Now we calculate the respective derivatives: $$\frac{d (\cos(2xy))}{d (2xy)} = -\sin(2xy)$$ and $$\frac{\partial (2xy)}{\partial x} = 2y$$ Multiplying these derivatives together, we find the partial derivative with respect to \(x\): $$\frac{\partial g(x, y)}{\partial x} = -2y\sin(2xy)$$

To find the partial derivative of \(g(x, y)\) with respect to \(y\), we'll keep \(x\) constant and differentiate \(g(x, y)\) with respect to \(y\).
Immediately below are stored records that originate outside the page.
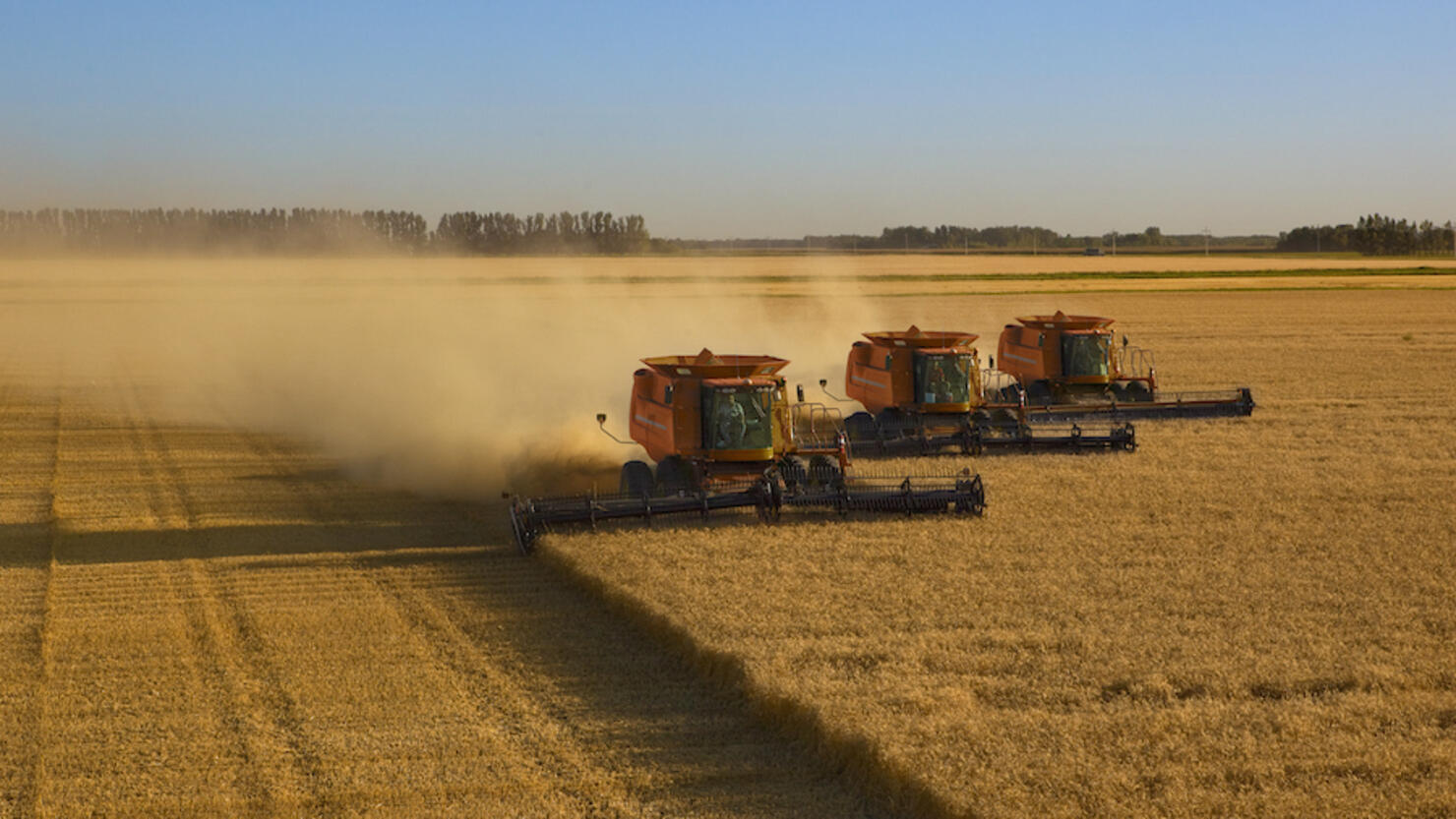 Large scale wheat harvest operation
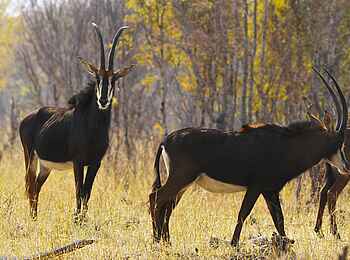 Camelthorn Lodge: Rappenantilopen in der Nähe von Mfagazaan Camelthorn Lodge: Rappenantilopen in der Nähe von Mfagazaan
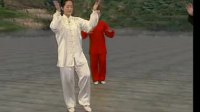 42式太极拳全套分解正反示范教学视频mp4免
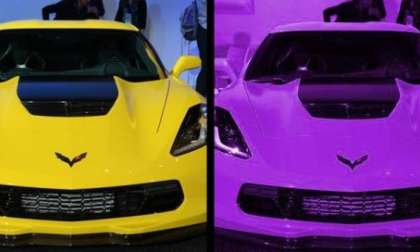 Purpule Chrovette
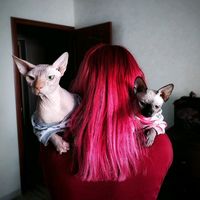 sphinx_anubis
Using the chain rule, we find: $$\frac{\partial g(x, y)}{\partial y} = \frac{d(\cos(2xy))}{d(2xy)} \cdot \frac{\partial(2xy)}{\partial y}$$

Now we calculate the respective derivatives: $$\frac{d (\cos(2xy))}{d (2xy)} = -\sin(2xy)$$ and $$\frac{\partial (2xy)}{\partial y} = 2x$$ Multiplying these derivatives together, we find the partial derivative with respect to \(y\): $$\frac{\partial g(x, y)}{\partial y} = -2x\sin(2xy)$$

The first partial derivatives of the function \(g(x, y)=\cos(2xy)\) are: $$\frac{\partial g(x, y)}{\partial x} = -2y\sin(2xy)$$ and $$\frac{\partial g(x, y)}{\partial y} = -2x\sin(2xy)$$